This article was published on February 12, 2013

Yahoo wades into the location recommendation game with acquisition of Alike


Yahoo wades into the location recommendation game with acquisition of Alike

Today, Yahoo has acquired the location-based mobile startup Alike. In doing so, Alike will be added to Yahoo’s mobile group in a bid to bring additional personalization to its offering. The startup posted on its site today that it will no longer be supporting its iPhone and Web apps.

In a statement on its site, Alike stated that it has always been passionate about creating intelligent mobile experiences. It believes that by joining with Yahoo, it will be able to follow through with its vision of using distilled information, that is deeply personalized and accessible anytime and anywhere will make the mobile experience an essential part of user’s daily lives.

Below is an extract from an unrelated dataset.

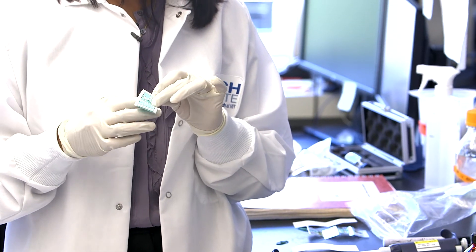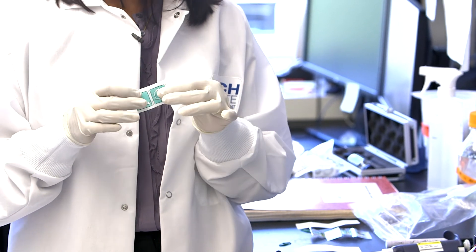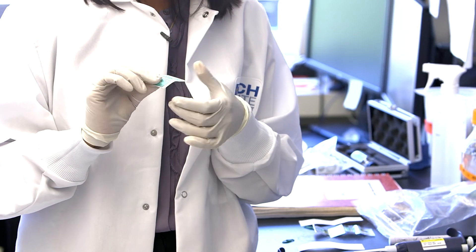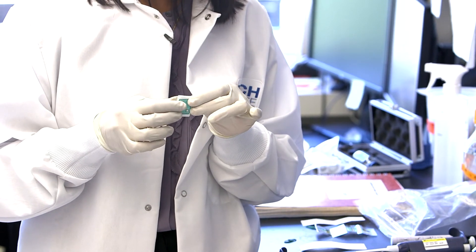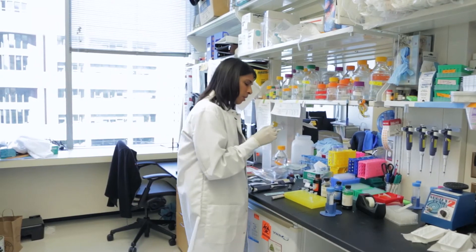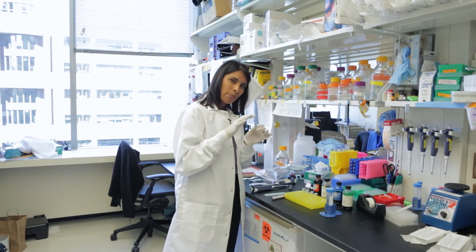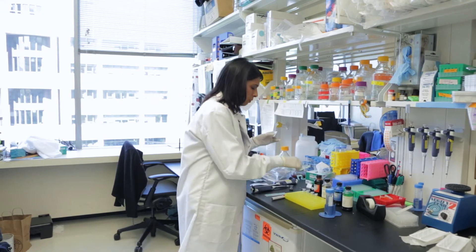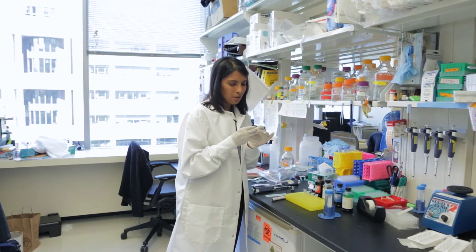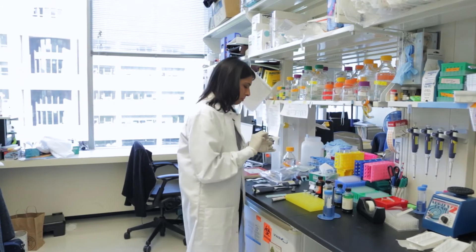I'm going to fold this up now. Folding it in half, and fold it again. The way the channels need to form, we really want all the pieces of paper to be opposed tightly to one another, so we're going to clip them with high-tech binder clips.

Alike is an app that ranks recommendations based on how similar it is to what you’re looking for. It helps people share and discover nearby restaurants and venues that they’re interested in.

This isn’t Yahoo’s first time purchasing a location-based service. Notable ones include the Asian check-in service Koprol, which it let go last year and , most recently, the mobile recommendation app Stamped.

Yahoo seems to want to move forward in making its mobile offerings appealing to users. Last month, its CEO Marissa Mayer said during its Q4 earnings call that the company has 200 million active monthly users — definitely a compelling reason to up its game in the space. She stated that mobile is one of the company’s ‘big four’ product categories and that while it is a ‘nascent’ revenue source right now, it’s believed that as the consumer use segment grows, the revenue problem will be solved from a monetization perspective.

However, in bringing Alike into the fold, it faces numerous competitors in the location-based space, including Foursquare, Yelp, and Facebook Nearby.

Foursquare itself is definitely making an impact on the space, having launched venue pages that can be shared outside its service, seen its first venue amass 1 million check-ins (not surprisingly, it was the world’s busiest airport), and released a business-focused iPhone app with analytics.

At the recent World Economic Forum, Mayer told Bloomberg that search is a daily habit for people. Similarly, what people do on the phone has become a daily occurrence  whether it’s checking email, looking at the weather report, reading the news, and more. In a way, Mayer believes that both mobile usage and search are intertwined with each other around the idea of personalization.

I think the right way to think of it is not that it replaces search, but that it becomes a critical part of search. One provocative way of thinking about it is, is in terms of a lot of people say when you type into this search box, that’s your query. In the future, you become the query. It’s what you type, your background, its where you are, your preferences, what you looked at yesterday. The search box can take all of that as the input and come up with a set of resutls that are customized for you.

In the future, you become the query. It’s what you type, your background, its where you are, your preferences, what you looked at yesterday. The search box can take all of that as the input and come up with a set of resutls that are customized for you.

Yahoo released this statement: “Yahoo! has acquired mobile startup Alike. The Alike team created an app that focuses on personalization — using the restaurants and places you like to find the ones you’ll love.  We were very impressed by the team and their approach to building personalized experiences. The entire Alike team will join Yahoo!’s mobile organization in San Francisco and Sunnyvale.”

Terms of the deal and purchase price were not disclosed.